Where to Buy Seedlings for My Homeschool Garden Project?
Buying seedlings from your local farmer’s market or nursery (Field Trip Ideas Here) is an affordable way to start your young gardener’s experience. These trips are fun homeschool activities and you also have the chance to ask questions and learn from gardening professionals.
You will learn how to amend the soil if necessary and what fertilizers or composts might be most beneficial. When you are choosing seedlings make sure they are hearty. Avoid plants that look yellow, droopy or otherwise unhealthy.
When Should Kids Start Gardening?
While kids of all ages are welcome to help with gardening, there are some basic skills that are important to have (or learn) before digging in. I recommend starting your children around preschool or kindergarten. This is a great age to get kids started and interested in gardening. At this age, kids are willing to help and are absorbing all of the knowledge they can. They also have the motor skills to handle seedlings without demolishing them. If kids are younger than that just keep them nearby and have then help you with tasks such as watering, holding seedlings, etc.
Another fun way to add gardening in to your homeschool curriculum is through a fairy garden. Fairy gardens are whimsical play areas. Your kids can use small knick knacks, characters or other toys to play right alongside the plants. Have fun with this!
When Should we Start Planning our Garden?
While it depends on the gardening zone you live in, most will begin garden preparations in February if you are going to start with seeds. Let your children pick what they want to grow and get the seeds started indoors. Seeds should be started 6-8 weeks before you want to plant them outdoors. This is a great way to teach kids about the germination process and how growing seeds work. Starting from seeds lets you and your child follow the entire lifecycle from seed, to sprout, to flower and finally the fruit.
As the weeks progress, allow your kids to help with pulling weeds and adding mulch to the soil. Most kids will love getting their hands dirty. (Don’t forget to do a little study of all those micro ecosystems with worms, grubs, breakdown of earth, etc!) When it is time to plant the sprouts outside, let them in on that fun, too. Teach them how big of a hole to dig and how to water a seedling for the best results.

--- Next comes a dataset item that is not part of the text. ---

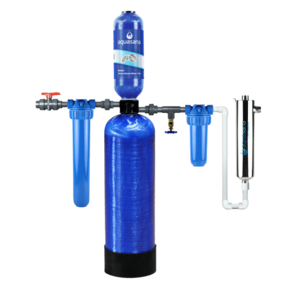 Aquasana Rhino Well Water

Benefits of Gardening Activities for Kids
Children, like adults, love to see the fruits of their labor. Having a homeschool garden will give you hours of lessons that won’t seem like school. Allowing your children in on the process, regardless of their ages, gives them something to feel proud about and maybe even to show off. This is a great time to bond and connect with your children while teaching them a life skill they will have forever. Your children will cherish these homeschool activities you created together digging in the dirt. Have fun and let me know in the comments what you grew!